Abstract

Postoperative hypertension is an acute, transient increase in blood pressure that develops within 30 to 90 minutes following a surgical procedure and typically lasts for 4 to 8 hours after surgery. It is defined as a systolic blood pressure greater than 160 mm Hg or a diastolic blood pressure greater than 90 mm Hg. The increase in blood pressure is primarily due to increased systemic vascular resistance brought about by reflex changes in humoral factors, including increased levels of catecholamines, renin, and serotonin as well as alterations in baroreceptor function and carotid reflexes. Potential complications of untreated postoperative hypertension include depressed left ventricular performance, increased myocardial oxygen demand resulting in ischemic episodes, cerebrovascular accidents, arrhythmias, and suture line disruption and bleeding. Despite longstanding recognition that high blood pressure is a frequent complication after surgery, formal guidelines for the treatment of postoperative hypertension have not been developed. Postoperative hypertension is a pathophysiological state that requires rapid assessment and appropriate treatment. Several pharmacologic agents are available to achieve and maintain normotension after surgery, including nitrovasodilators (nitroglycerin and sodium nitroprusside), adrenergic blocking agents, and dihydroperidine calcium channel antagonists. Angiotensin-converting enzyme inhibitors and fenoldopam also have been used. Each has its own distinct mechanism of action and adverse effect profile.
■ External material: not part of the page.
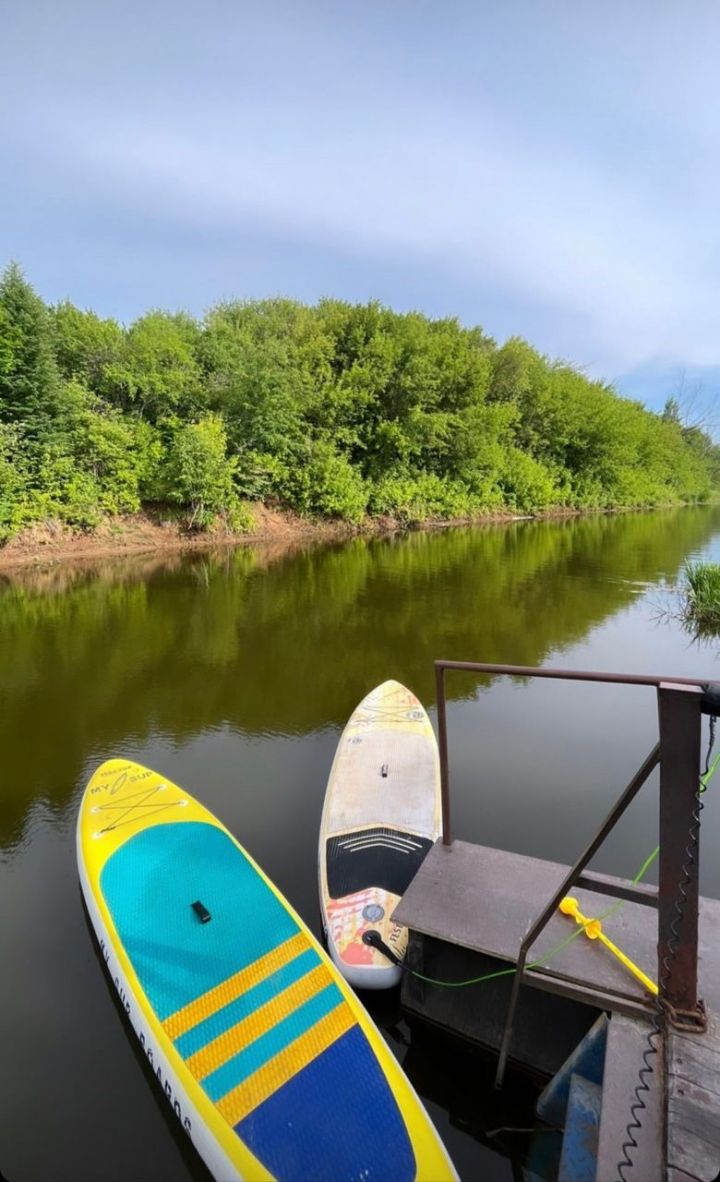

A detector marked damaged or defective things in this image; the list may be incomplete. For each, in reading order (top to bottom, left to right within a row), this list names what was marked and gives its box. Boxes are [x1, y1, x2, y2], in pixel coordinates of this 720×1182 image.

rusty metal railing [432, 661, 714, 1082] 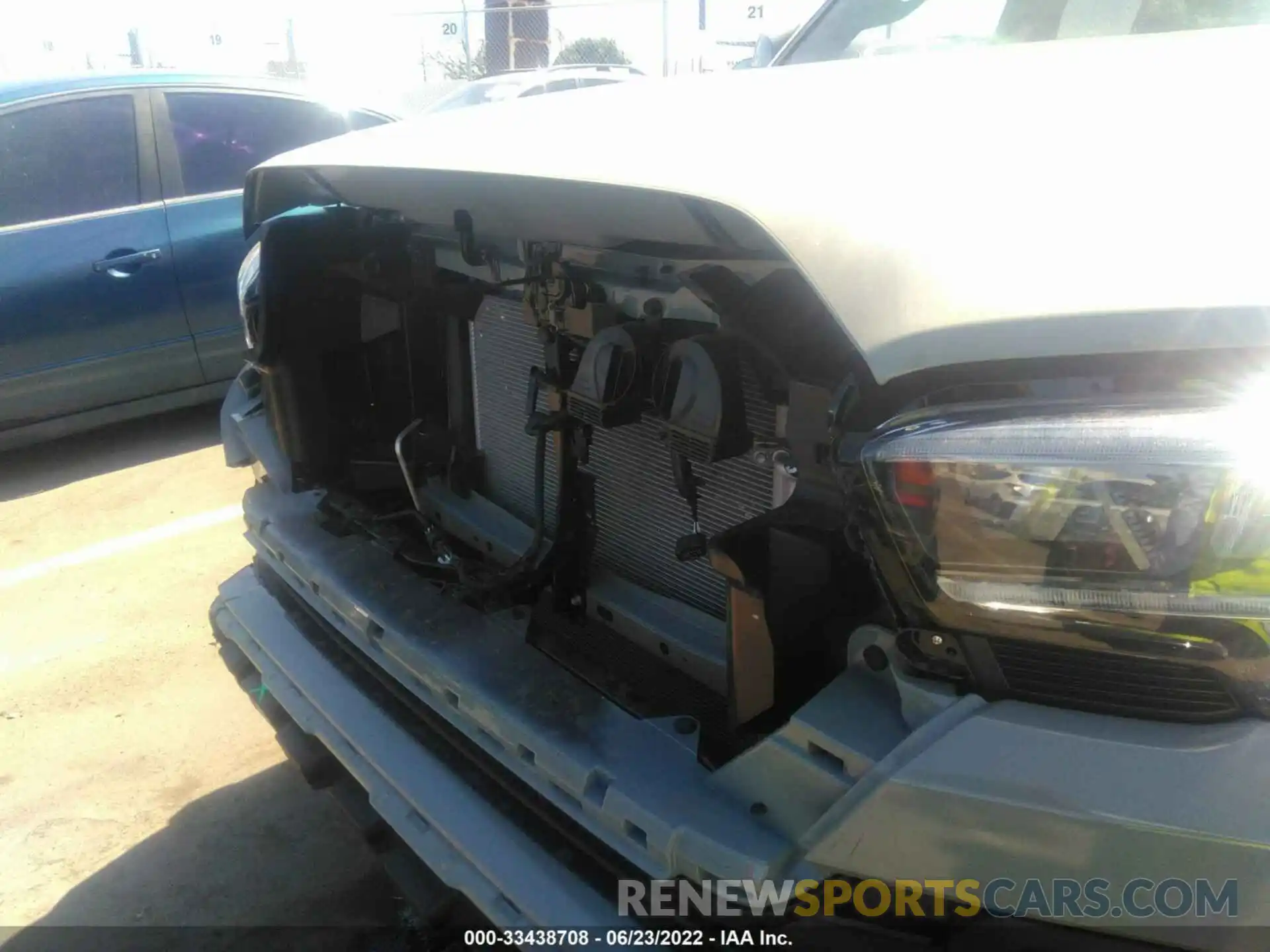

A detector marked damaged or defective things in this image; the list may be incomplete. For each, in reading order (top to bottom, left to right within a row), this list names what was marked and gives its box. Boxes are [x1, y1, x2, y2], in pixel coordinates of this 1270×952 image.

front end damage [213, 180, 1265, 952]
In cardiac surgery, nicardipine is as effective as nitrovasodilators and offers coronary selectivity. In patients who are hypertensive after neurosurgical procedures, avoid direct-acting vasodilators, which may exacerbate increased intracranial pressure; β-adrenergic receptor antagonists and ACEIs are the preferred agents in these patients. More data are needed to define roles and benefits of fenoldopam in managing postoperative hypertension.